Rapid economic pluralization in East Asia has empowered local and medial groups, and with this change comes the need to rethink usual notions regarding ways in which "democracies" emerge or "citizens" gain more power. Careful examination of current developments in China, Korea, and Southeast Asia show a need for expansion of our understandings of democracy and democratization. This book challenges traditional ways in which political regimes in local as well as national polities are conceived and labeled. It shows from Asian experiences that democracy and its precursors come in more forms than most liberals have yet imagined.
In reviewing recent experiences of countries across East Asia, these chapters show that actual democracies and ostensible democratizations there are less like those in the West than the surprisingly consensual and standard political science of democratization suggests. This book first examines the extreme variation of democracy’s meaning in many Asian states that hold contested elections (South Korea, Taiwan, Indonesia, Malaysia, the Philippines, and Thailand). Then it focuses on China. It analyzes a range of grassroots forces driving political change in the People’s Republic, and it finds both accelerators and brakes in China’s political reform process.
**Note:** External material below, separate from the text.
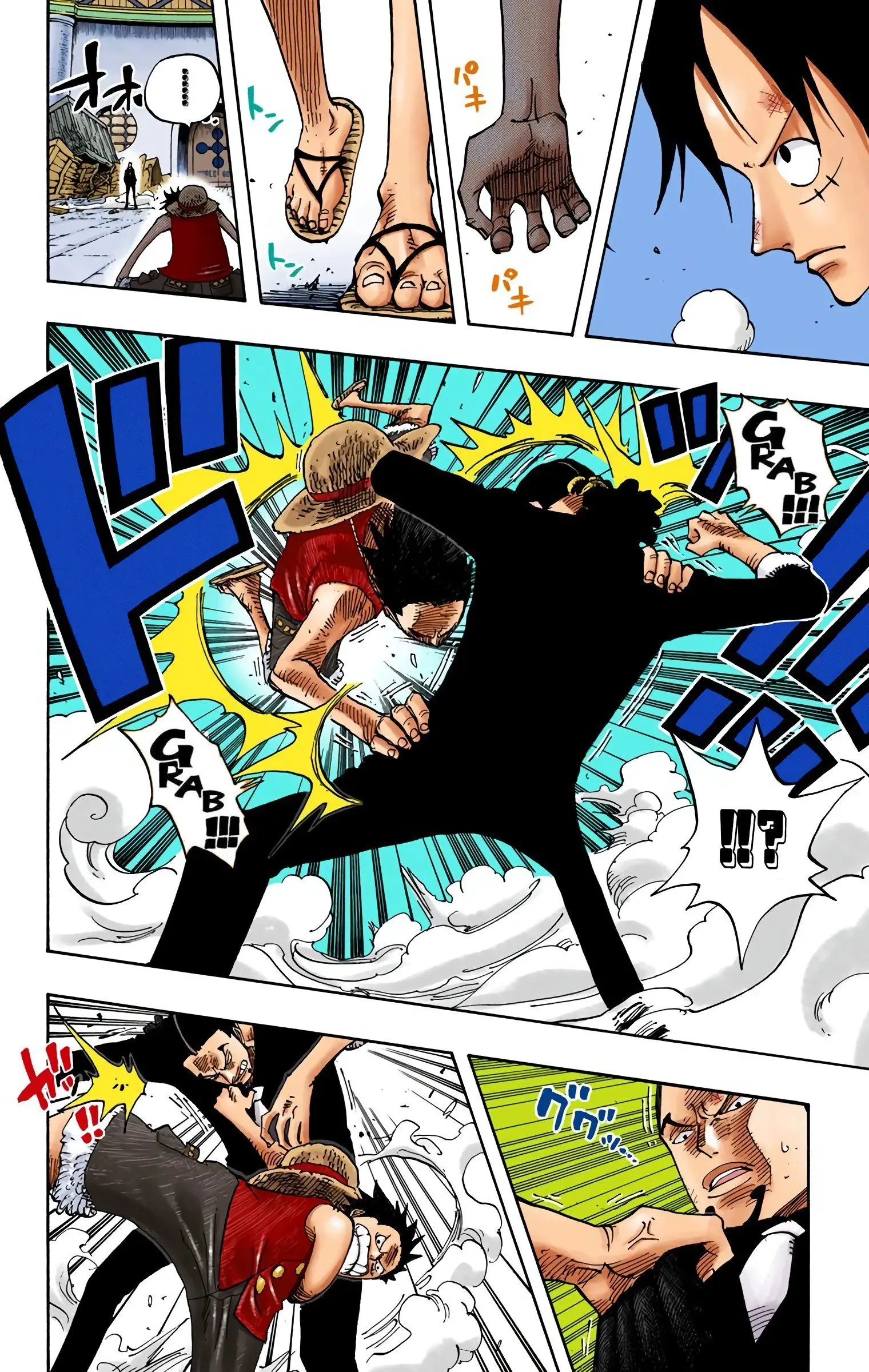 One Piece Colored, chapter 410, page 12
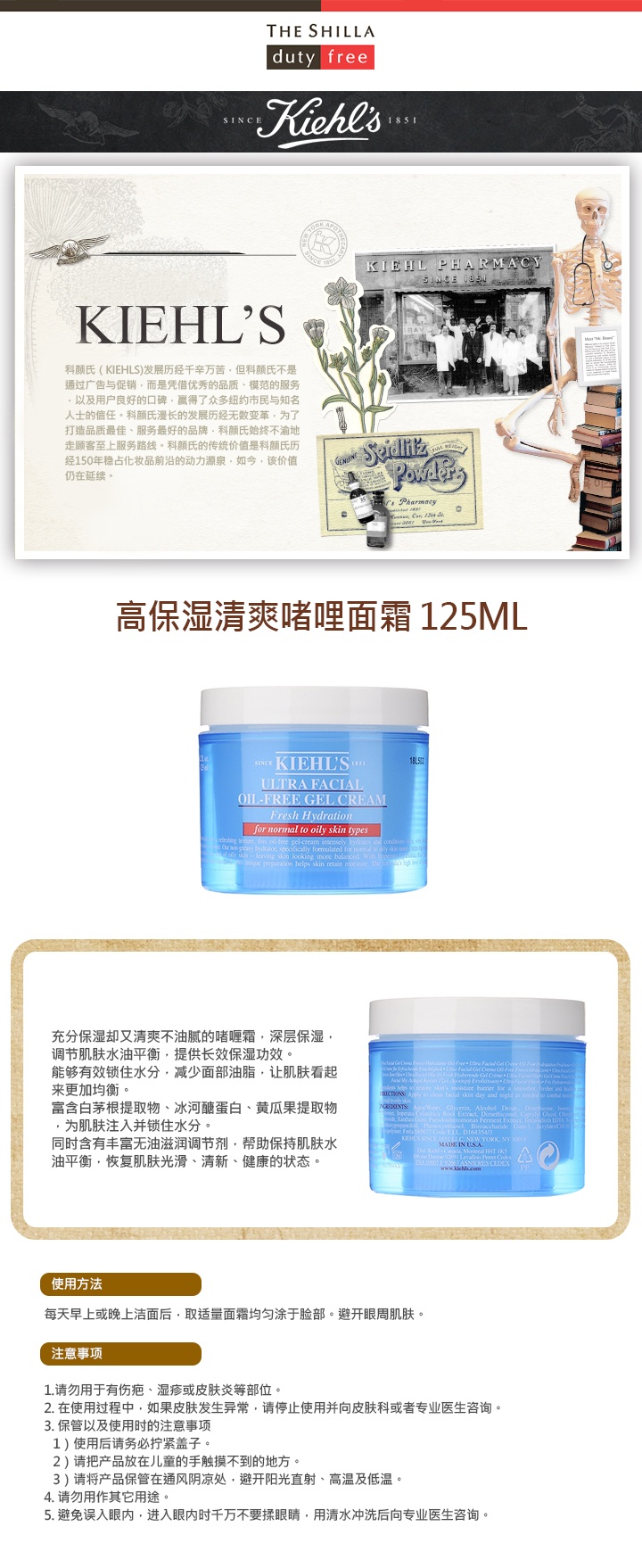 商品Kiehl's|【包邮包税】科颜氏（Kiehl’s）高保湿清爽面霜 ,价格¥220,第3张图片详细描述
The contributors show that models for China’s political future exist both within and outside the PRC, including in other East Asian states, in localities and sectors that already are pushing the limits of the powerful, but no longer all-powerful, Chinese party-state.
With contributions from leading academics in the field, Democratization in China, Korea, and Southeast Asia? will be of interest to students and scholars of Asian politics, comparative politics, and democratization more broadly.